Das passt: Während der Hype um das Eidgenössische Schwing- und Älplerfest im Glarnerland auf seinen Höhepunkt zusteuert, huldigt einer der erfolgreichsten Ostschweizer Influencer Glarner Gaumenfreuden. Der Glarner Koch – oder eher: Food-Creator – Noah Bachofen zeigt, wie man das Glarner Landsgemeinde-Menü Kalberwurst mit Herdöpfelstock, Zwiebelsauce und eingelegten Dörrzwetschgen «richtig macht».

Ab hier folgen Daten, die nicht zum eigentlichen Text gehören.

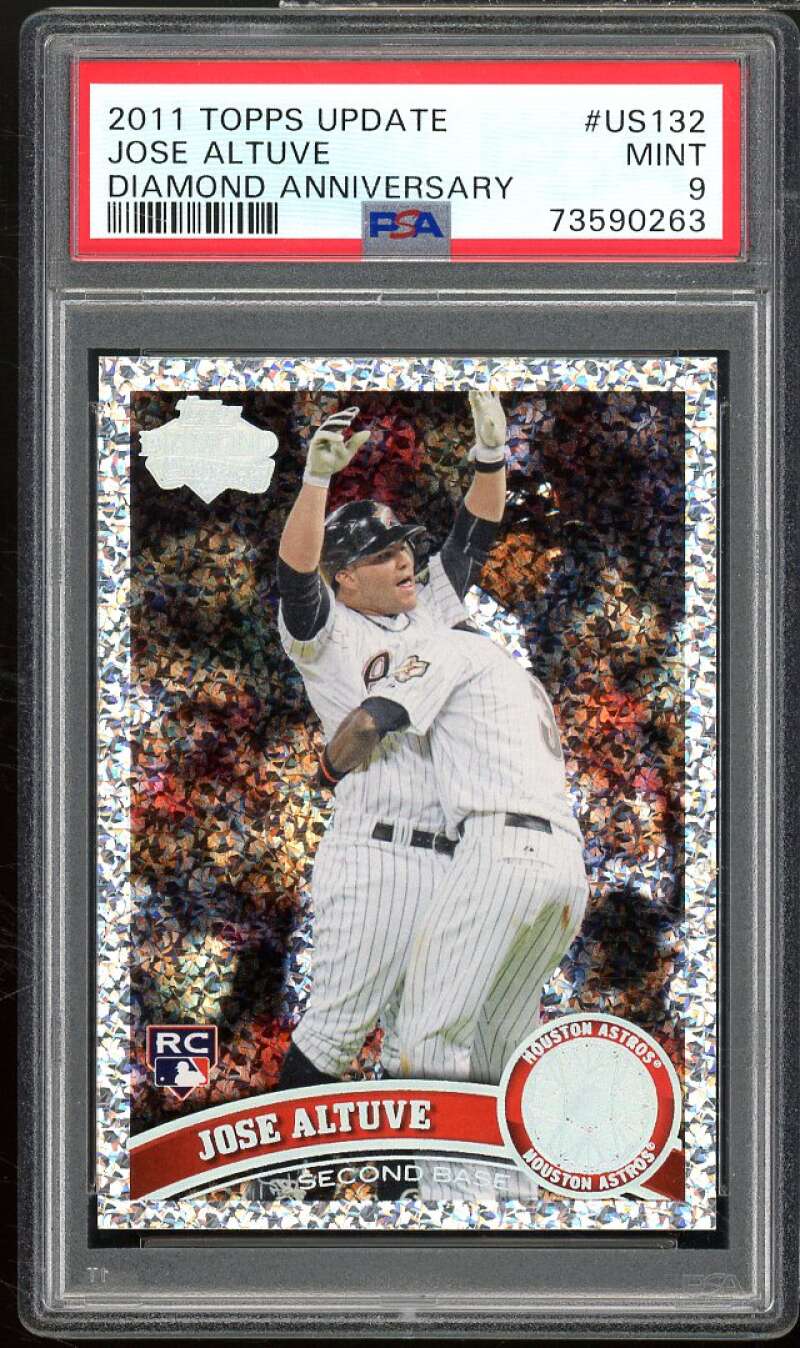 Jose Altuve Rookie Card 2011 Topps Update Diamond Anniversary #US132 PSA 9 Image 1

Genau 79 Sekunden dauert das Video auf Instagram, die einzelnen Schritte sind ein rasanter Zusammenschnitt mehrerer Sequenzen, Protagonist Bachofen doppelt seine eigenen Erläuterungen mit Ergänzungen aus dem Off, was das Gefühl von Tempo noch verstärkt. Dennoch wird die Zubereitung verständlich erklärt, und es bleibt auch noch Zeit für den Hinweis, dass das Rezept für eine vegetarische Variante des Gerichts in Noah Bachofens Kochbuch «Wäärli guät» nachzulesen ist.
Kochen macht Freude
Seine Leidenschaft fürs Kochen hat der heutige Influencer schon früh entdeckt, «mit zwölf Jahren oder vielleicht noch jünger habe ich zu Hause für meine Familie gekocht», erinnert sich Noah Bachofen. Später habe er mit einem Kollegen angefangen, für die Nachbarschaft zu backen. «Dabei habe ich gemerkt, wie viel Freude mir das macht, und mich dann für die Kochausbildung entschieden.»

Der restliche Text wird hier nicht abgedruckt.